なお、オシフィエンチムはポーランド語ですが、ドイツ語のアウシュヴィッツの方が一般的には知られています。
クラクフからはツアーも出ていますので、そちらも有力な選択肢になります。
アウシュヴィッツ強制収容所の他に、第2アウシュヴィッツとも呼ばれるビルケナウ強制収容所まではシャトルバスで移動できます。
3. ギャラリー
アウシュヴィッツ強制収容所入口に掲げられたサインのARBEITは『労働』、MACHTは英語の『make』、FREIは『自由』を表します。
つまり、『働けば自由になる』という意味ですが、収容所の建設から約70年前に作家ディーフェンバッハが著作の表題に用いたもので、ナチスの言葉ではありません。

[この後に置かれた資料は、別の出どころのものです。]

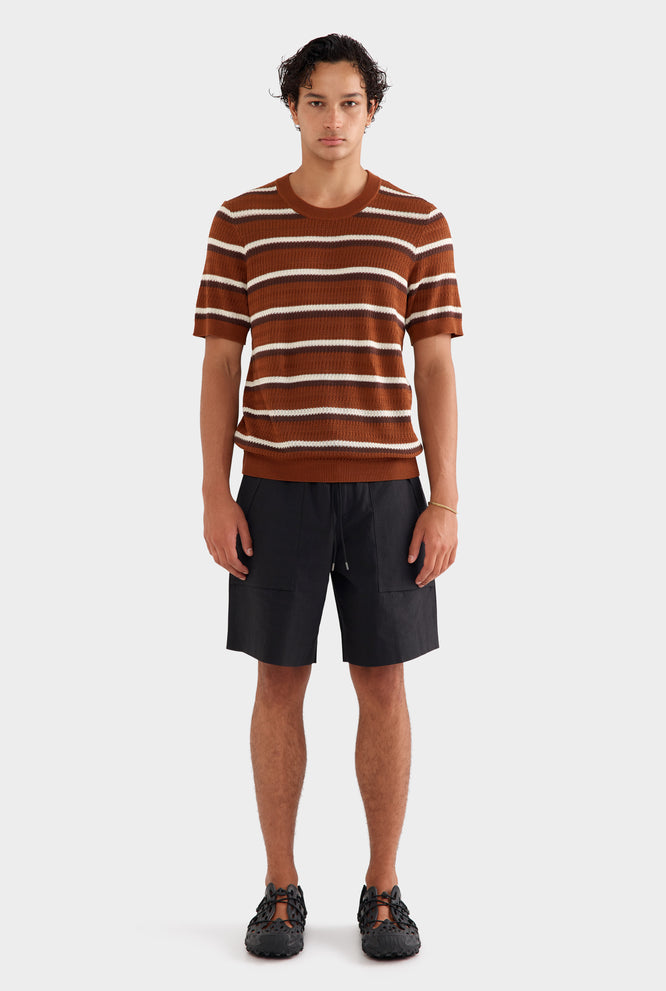 Knitted Tencel Stripe T-Shirt - Brown/Rust/Cream Stripe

単語ARBEITのうちのBはバランスが奇妙で、まるで上限を反転させたようになっています。
収容者の抵抗や皮肉の象徴と言われていますが、実態は当時の流行だったようです。
このサインはオリジナルのものではなく、盗難・破損にあったためにのちに修復されたものです。
ナチスの考えるアーリア人優性主義、特にその中でも最も優れていると考えられたゲルマン民族の至上主義は、他民族の排斥をもたらしました。

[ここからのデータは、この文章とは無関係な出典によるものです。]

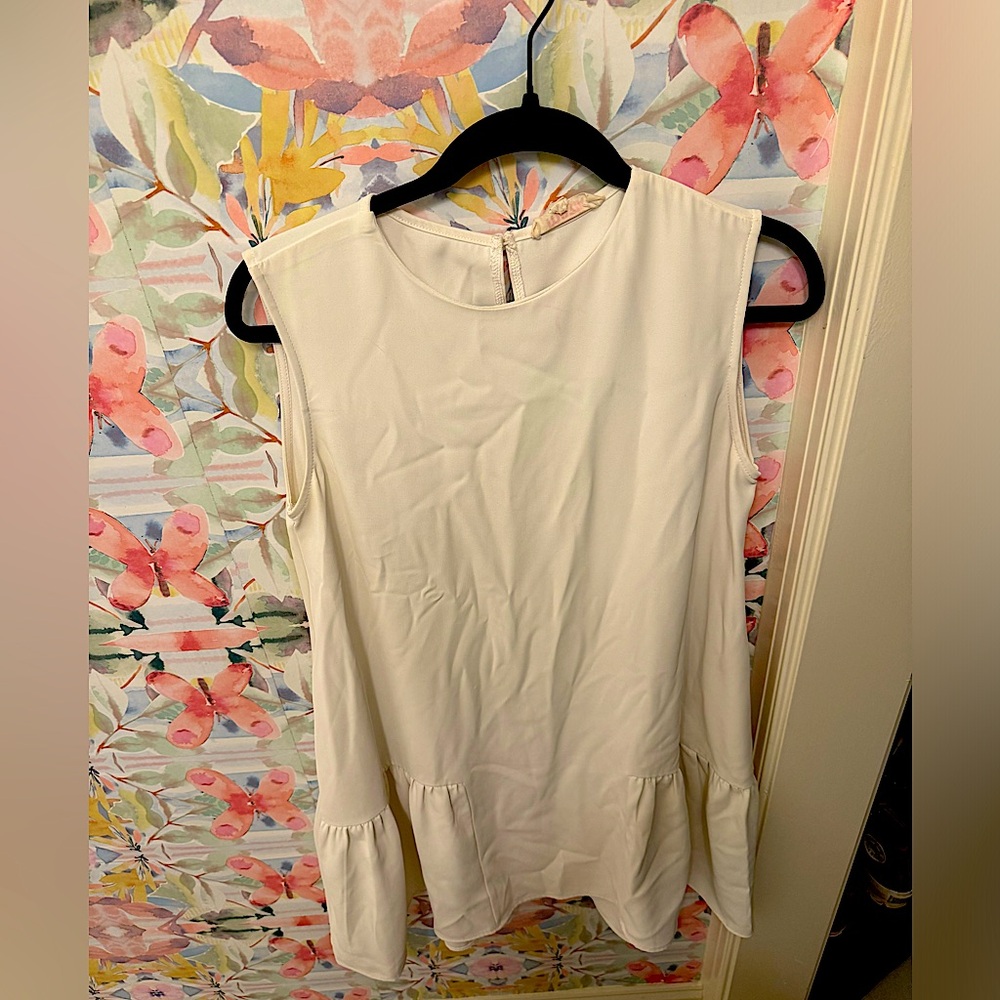 White midi dress with peplum ruffle bottom, size small, no rips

ゲルマン人が選民の側に入る一方で、キリスト教徒から区別されたユダヤ人は不幸にもナチスの標的となりました。
陰極線の研究で1905年にノーベル物理学賞を受賞したドイツ人レーナルトはアーリア物理学者の先鋒として知られ、アインシュタインの相対性理論などをユダヤ人物理学として避難したことも知られています。
歴史において、このような目立つ攻撃対象を外部に作ることで内部の結びつきを強化しようとする例は枚挙に暇がありません。
アウシュヴィッツの強制収容所は、1940年にナチス・ドイツのハインリヒ・ヒムラーによって作られました。
ヒトラーの側近として有名なヒムラーは、ナチス親衛隊や秘密警察ゲシュタポの長として権力を奮い、強制収容所を掌握しました。
ヒムラーの部下であったルドルフ・ヘスが初代所長に任命され、敷地内にはヘスが設置した絞首刑台も復元されています。
アウシュヴィッツ強制収容所は、元々がポーランド軍の兵舎であったために比較的堅固な造りではあります。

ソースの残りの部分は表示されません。